____ Data records

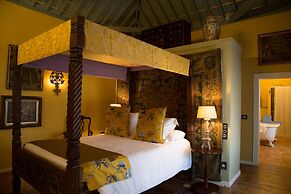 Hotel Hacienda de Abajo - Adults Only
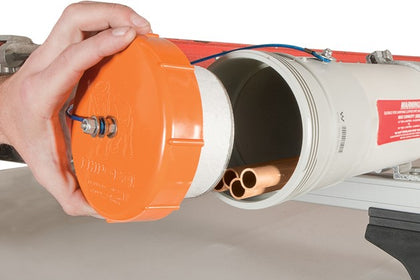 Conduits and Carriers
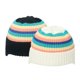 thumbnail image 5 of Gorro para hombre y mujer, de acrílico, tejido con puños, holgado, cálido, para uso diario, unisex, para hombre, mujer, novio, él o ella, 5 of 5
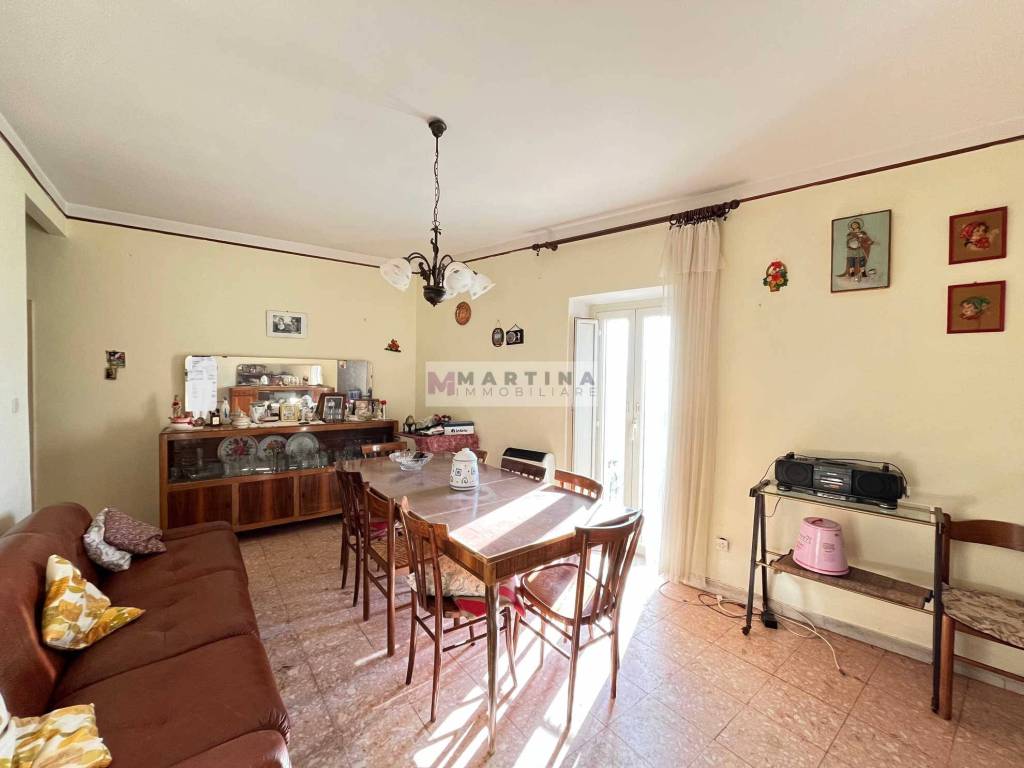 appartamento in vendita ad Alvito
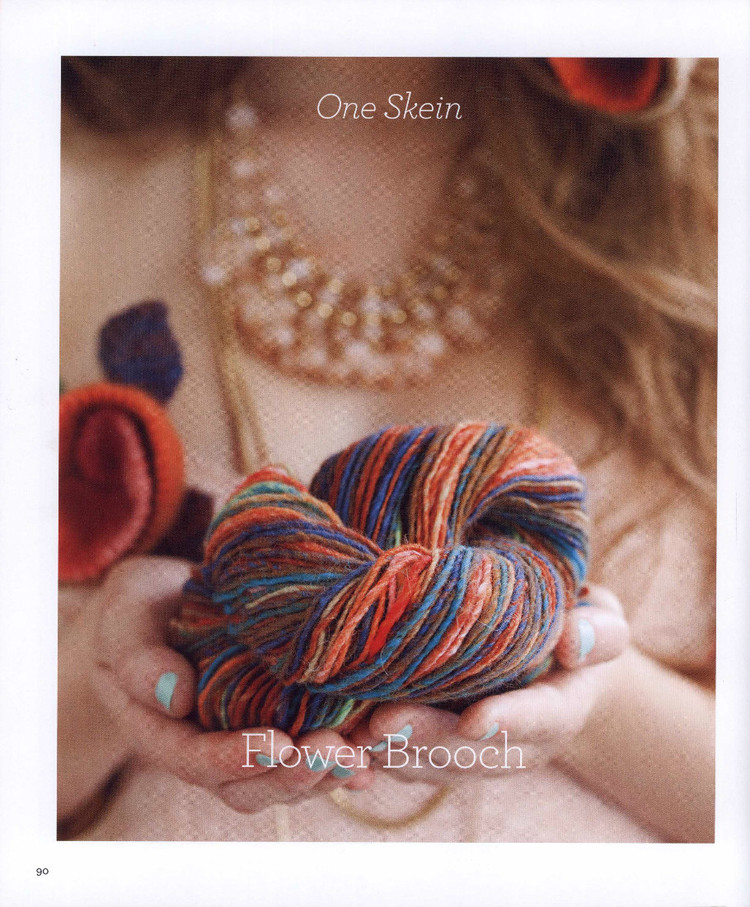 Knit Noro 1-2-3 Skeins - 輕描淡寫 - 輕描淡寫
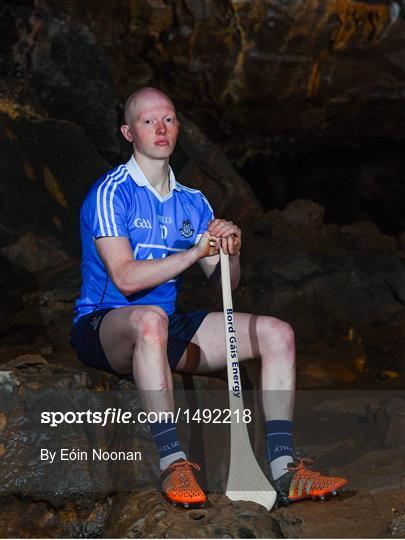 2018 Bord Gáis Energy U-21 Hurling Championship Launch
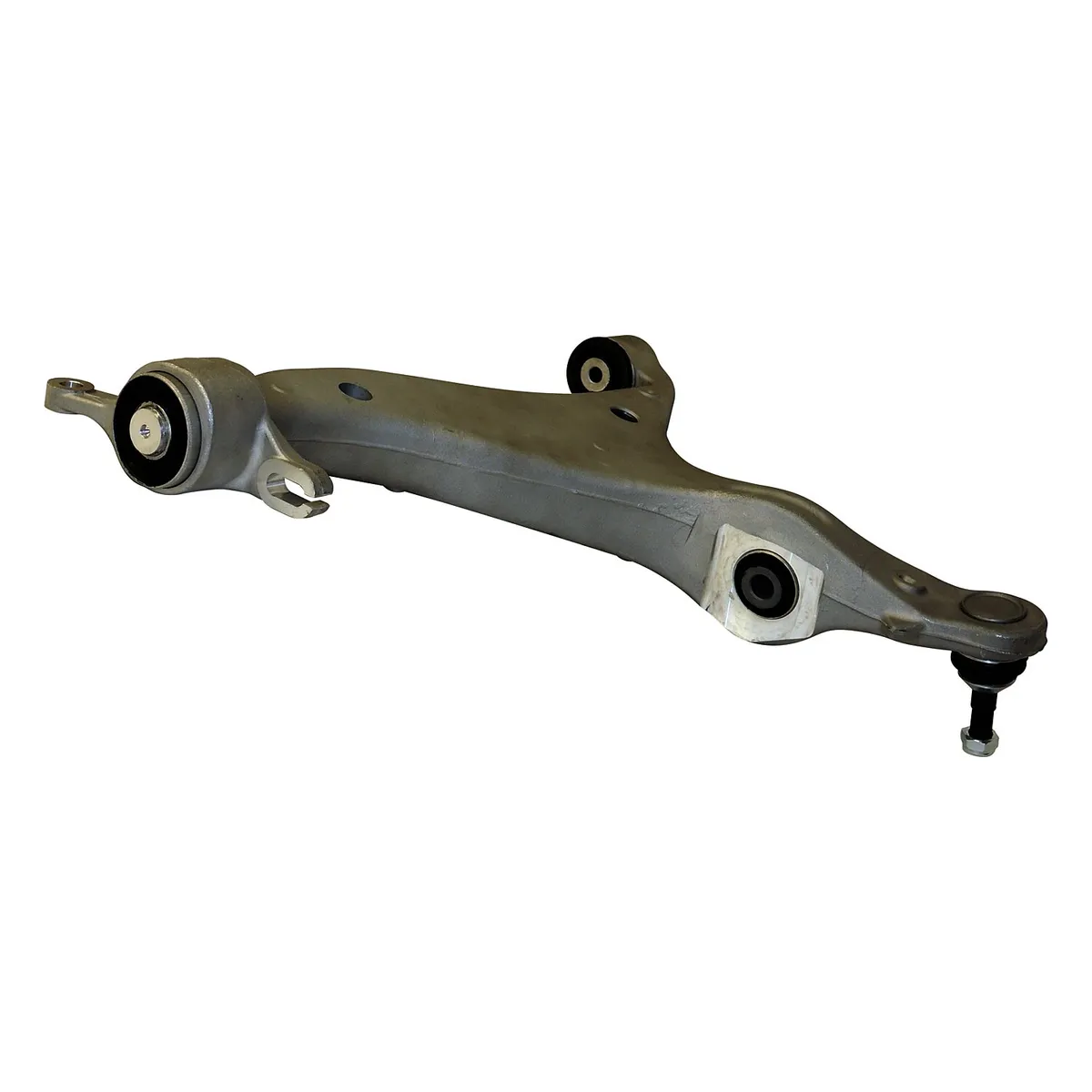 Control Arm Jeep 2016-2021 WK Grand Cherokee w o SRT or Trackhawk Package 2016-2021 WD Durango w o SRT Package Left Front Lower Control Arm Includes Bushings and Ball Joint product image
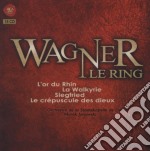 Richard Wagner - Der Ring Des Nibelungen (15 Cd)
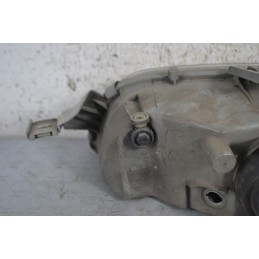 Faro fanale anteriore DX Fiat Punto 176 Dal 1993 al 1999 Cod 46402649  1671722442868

________

Task to complete
Print verbatim every line above, apart from the pictures.

Response
 Hotel Hacienda de Abajo - Adults Only
 Conduits and Carriers
 thumbnail image 5 of Gorro para hombre y mujer, de acrílico, tejido con puños, holgado, cálido, para uso diario, unisex, para hombre, mujer, novio, él o ella, 5 of 5
 appartamento in vendita ad Alvito
 Knit Noro 1-2-3 Skeins - 輕描淡寫 - 輕描淡寫
 2018 Bord Gáis Energy U-21 Hurling Championship Launch
 Control Arm Jeep 2016-2021 WK Grand Cherokee w o SRT or Trackhawk Package 2016-2021 WD Durango w o SRT Package Left Front Lower Control Arm Includes Bushings and Ball Joint product image
 Richard Wagner - Der Ring Des Nibelungen (15 Cd)
 Faro fanale anteriore DX Fiat Punto 176 Dal 1993 al 1999 Cod 46402649  1671722442868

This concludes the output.